▼

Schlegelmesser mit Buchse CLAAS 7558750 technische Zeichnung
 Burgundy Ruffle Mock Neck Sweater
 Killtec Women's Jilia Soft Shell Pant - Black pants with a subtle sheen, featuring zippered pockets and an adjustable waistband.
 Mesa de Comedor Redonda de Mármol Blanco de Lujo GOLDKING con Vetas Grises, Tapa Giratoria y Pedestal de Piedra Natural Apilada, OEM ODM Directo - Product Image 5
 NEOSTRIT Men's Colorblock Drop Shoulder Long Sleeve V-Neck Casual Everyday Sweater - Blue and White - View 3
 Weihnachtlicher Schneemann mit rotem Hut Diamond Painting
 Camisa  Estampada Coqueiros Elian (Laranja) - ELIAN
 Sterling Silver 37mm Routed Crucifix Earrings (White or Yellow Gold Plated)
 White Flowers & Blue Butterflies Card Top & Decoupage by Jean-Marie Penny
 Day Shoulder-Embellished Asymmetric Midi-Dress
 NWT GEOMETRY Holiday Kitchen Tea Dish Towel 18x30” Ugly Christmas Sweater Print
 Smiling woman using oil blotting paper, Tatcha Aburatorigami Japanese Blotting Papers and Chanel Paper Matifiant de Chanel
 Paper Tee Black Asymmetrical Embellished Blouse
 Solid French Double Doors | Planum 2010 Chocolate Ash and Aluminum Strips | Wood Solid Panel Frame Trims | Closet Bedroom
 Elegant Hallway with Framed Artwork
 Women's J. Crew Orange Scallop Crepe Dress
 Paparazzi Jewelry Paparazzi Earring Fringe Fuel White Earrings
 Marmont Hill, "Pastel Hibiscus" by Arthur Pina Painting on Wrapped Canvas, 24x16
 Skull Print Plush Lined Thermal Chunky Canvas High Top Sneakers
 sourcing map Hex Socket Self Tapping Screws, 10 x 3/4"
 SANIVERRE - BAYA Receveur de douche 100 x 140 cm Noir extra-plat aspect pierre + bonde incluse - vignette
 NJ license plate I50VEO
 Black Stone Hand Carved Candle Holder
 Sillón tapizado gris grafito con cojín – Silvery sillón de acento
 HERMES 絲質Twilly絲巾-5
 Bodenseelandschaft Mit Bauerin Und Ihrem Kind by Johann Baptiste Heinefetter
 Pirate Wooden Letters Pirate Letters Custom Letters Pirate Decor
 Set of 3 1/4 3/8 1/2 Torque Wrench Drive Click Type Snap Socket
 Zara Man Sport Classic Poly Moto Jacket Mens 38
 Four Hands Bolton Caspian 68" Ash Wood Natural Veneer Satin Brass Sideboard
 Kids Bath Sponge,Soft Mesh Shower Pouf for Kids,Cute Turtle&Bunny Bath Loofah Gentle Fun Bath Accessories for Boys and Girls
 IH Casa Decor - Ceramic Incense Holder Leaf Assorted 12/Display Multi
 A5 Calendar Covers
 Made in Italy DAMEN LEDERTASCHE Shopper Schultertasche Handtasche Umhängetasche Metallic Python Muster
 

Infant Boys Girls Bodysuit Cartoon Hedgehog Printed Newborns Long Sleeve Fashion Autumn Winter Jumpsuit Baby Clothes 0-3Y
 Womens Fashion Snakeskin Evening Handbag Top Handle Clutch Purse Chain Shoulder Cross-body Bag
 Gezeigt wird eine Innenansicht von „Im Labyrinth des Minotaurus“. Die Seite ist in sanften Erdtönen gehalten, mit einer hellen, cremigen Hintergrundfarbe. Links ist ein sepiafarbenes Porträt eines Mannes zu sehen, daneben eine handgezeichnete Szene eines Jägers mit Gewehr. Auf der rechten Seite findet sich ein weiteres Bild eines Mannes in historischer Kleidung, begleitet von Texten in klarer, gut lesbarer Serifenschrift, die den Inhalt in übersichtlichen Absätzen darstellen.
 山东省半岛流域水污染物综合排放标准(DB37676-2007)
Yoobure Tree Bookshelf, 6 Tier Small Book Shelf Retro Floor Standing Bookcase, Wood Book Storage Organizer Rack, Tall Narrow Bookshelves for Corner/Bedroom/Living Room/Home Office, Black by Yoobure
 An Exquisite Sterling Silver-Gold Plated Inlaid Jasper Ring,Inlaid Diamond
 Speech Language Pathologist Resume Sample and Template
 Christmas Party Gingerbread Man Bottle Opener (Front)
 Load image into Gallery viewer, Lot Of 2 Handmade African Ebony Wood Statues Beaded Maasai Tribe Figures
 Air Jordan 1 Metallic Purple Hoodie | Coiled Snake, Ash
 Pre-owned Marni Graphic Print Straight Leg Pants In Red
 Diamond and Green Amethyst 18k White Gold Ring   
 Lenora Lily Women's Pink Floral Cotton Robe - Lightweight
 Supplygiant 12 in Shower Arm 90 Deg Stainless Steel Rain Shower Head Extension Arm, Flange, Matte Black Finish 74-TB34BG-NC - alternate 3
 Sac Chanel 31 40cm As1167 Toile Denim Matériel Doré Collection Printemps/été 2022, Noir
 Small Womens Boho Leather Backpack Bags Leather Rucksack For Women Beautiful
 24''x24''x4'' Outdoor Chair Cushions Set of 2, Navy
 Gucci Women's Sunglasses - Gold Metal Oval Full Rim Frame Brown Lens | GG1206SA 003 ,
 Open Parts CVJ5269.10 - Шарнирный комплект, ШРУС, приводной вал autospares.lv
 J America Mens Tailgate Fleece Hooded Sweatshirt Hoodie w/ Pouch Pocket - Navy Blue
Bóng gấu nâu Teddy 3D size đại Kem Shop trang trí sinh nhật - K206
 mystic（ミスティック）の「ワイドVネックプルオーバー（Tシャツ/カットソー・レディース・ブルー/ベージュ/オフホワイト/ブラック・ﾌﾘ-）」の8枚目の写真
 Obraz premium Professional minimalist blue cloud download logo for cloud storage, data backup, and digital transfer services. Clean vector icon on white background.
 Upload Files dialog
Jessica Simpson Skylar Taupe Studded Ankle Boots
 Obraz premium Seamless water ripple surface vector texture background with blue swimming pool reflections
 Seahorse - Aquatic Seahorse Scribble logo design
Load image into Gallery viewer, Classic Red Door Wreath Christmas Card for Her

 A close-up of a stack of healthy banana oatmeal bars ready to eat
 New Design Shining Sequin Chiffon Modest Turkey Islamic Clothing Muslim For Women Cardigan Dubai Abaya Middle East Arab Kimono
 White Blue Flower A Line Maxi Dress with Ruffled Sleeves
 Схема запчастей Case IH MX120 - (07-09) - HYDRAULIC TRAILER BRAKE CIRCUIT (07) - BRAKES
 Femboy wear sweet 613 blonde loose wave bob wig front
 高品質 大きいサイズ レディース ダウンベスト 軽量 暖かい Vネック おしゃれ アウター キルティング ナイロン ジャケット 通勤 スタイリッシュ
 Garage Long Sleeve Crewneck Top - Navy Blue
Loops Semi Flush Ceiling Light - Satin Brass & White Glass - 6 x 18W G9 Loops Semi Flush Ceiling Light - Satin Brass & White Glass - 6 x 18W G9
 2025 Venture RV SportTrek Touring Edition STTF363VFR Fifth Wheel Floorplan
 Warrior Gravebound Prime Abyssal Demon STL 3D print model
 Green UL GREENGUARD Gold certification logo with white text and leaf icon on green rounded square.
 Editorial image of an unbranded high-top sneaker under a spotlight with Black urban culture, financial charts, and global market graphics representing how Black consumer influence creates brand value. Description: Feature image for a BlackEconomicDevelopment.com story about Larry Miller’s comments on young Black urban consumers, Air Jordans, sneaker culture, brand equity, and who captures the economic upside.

▲

§ **Assignment**: Starting from the line with "Upload Files dialog" and ending with the final line of the data, quote every line exactly, both ends included.

§ **Solution below**:
 Upload Files dialog
Jessica Simpson Skylar Taupe Studded Ankle Boots
 Obraz premium Seamless water ripple surface vector texture background with blue swimming pool reflections
 Seahorse - Aquatic Seahorse Scribble logo design
Load image into Gallery viewer, Classic Red Door Wreath Christmas Card for Her

 A close-up of a stack of healthy banana oatmeal bars ready to eat
 New Design Shining Sequin Chiffon Modest Turkey Islamic Clothing Muslim For Women Cardigan Dubai Abaya Middle East Arab Kimono
 White Blue Flower A Line Maxi Dress with Ruffled Sleeves
 Схема запчастей Case IH MX120 - (07-09) - HYDRAULIC TRAILER BRAKE CIRCUIT (07) - BRAKES
 Femboy wear sweet 613 blonde loose wave bob wig front
 高品質 大きいサイズ レディース ダウンベスト 軽量 暖かい Vネック おしゃれ アウター キルティング ナイロン ジャケット 通勤 スタイリッシュ
 Garage Long Sleeve Crewneck Top - Navy Blue
Loops Semi Flush Ceiling Light - Satin Brass & White Glass - 6 x 18W G9 Loops Semi Flush Ceiling Light - Satin Brass & White Glass - 6 x 18W G9
 2025 Venture RV SportTrek Touring Edition STTF363VFR Fifth Wheel Floorplan
 Warrior Gravebound Prime Abyssal Demon STL 3D print model
 Green UL GREENGUARD Gold certification logo with white text and leaf icon on green rounded square.
 Editorial image of an unbranded high-top sneaker under a spotlight with Black urban culture, financial charts, and global market graphics representing how Black consumer influence creates brand value. Description: Feature image for a BlackEconomicDevelopment.com story about Larry Miller’s comments on young Black urban consumers, Air Jordans, sneaker culture, brand equity, and who captures the economic upside.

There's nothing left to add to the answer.